This release is focused on the removal of Nearest-Neighbor Smoothing (NNS) from the clustering phase and accounting for all of the downstream effects. Some of the highlights are
- Removal of NNS! Finally! This was an old artifact from the Dalitz clustering method, which could have dramatic and often times unpredictable effects on the data, including the Particle ID.
- Removal of NNS revealed previously ignored artifact-ing in the point cloud data in the z-coordinate due to the improper handling of conversion from GET TimeBuckets to floating point values. Previously was a simple cast to float, which would result in "clumps" of data in z. Now cast to float and add a random smearing on the interval of [0.0, 1.0) in time buckets. This accurately represents the sampling behavior in the data.
- Removal of NNS as well as user reports revealed bug where point cloud data could sometimes become NaN or Inf if values outside the legal detector volume were attempted to be sent through the electric field correction. Illegal points are now pruned at the clustering phase.

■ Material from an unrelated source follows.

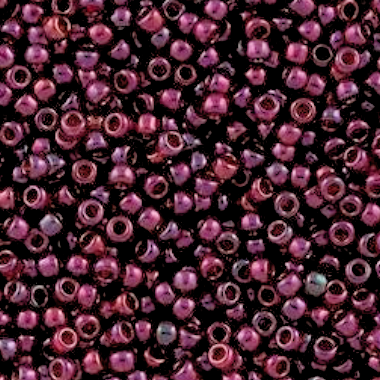 8-0332, Transparent Cranberry Gold Luster (28 gr.) Toho (Formerly 0319H)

- Removal of NNS necessitated a change to the clustering algorithm. No longer cluster on charge. Without NNS, charge is too diffuse to cluster on. This also allowed simplification of scales as all scales are in the same base units (mm). Only scaling applied is to scale the z-axis to match the x and y axis to avoid over emphasis of z separation in data. These changes affect the recommended default value for epsilon in HDBSCAN. Now recommend value of 10.0 for `cluster_selection_epsilon`.
- Smoothing factor in estimation phase also needs to be increased. New recommended value is 100.0 (verified with scipy).
Documentation is updated. Notebooks updated. Dependency versions have been bumped in this release, so please reinstall the requirements.txt.
This is a big change to the analysis, and can effect the data outcome. Please use caution when updating, and report any issues or unexpected behavior!